Task item: With the pictures set aside, write out all of the data exactly as it stands.

Supplied data:
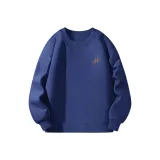 [Round Neck Sweatshirt] Синий (с Веселым Коричневым Логотипом на Груди)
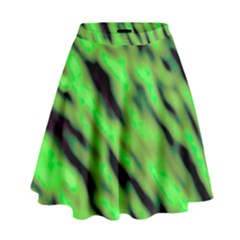 Green  Waves Abstract Series No7 High Waist Skirt by DimitriosArt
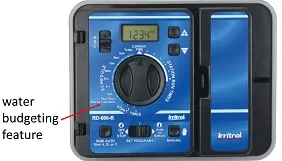 Irrigation controller with water budget feature.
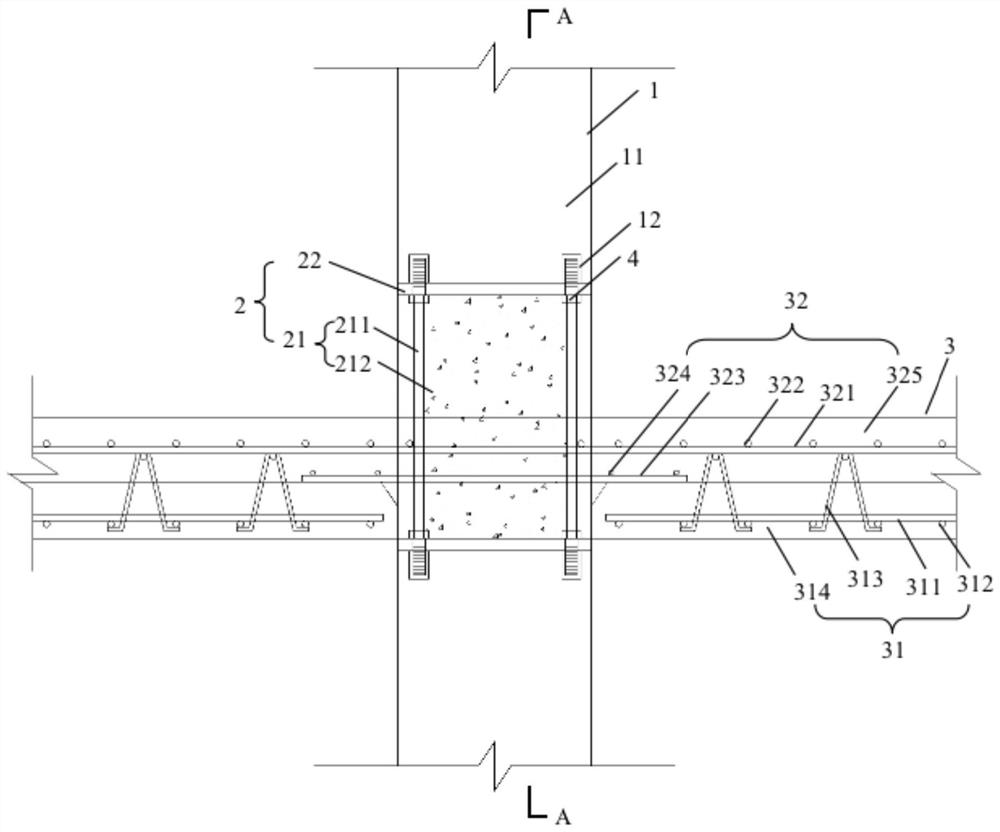 Concrete-filled steel tube row column type connection prefabricated shear wall structure and construction method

Output for this exercise:
 [Round Neck Sweatshirt] Синий (с Веселым Коричневым Логотипом на Груди)
 Green  Waves Abstract Series No7 High Waist Skirt by DimitriosArt
 Irrigation controller with water budget feature.
 Concrete-filled steel tube row column type connection prefabricated shear wall structure and construction method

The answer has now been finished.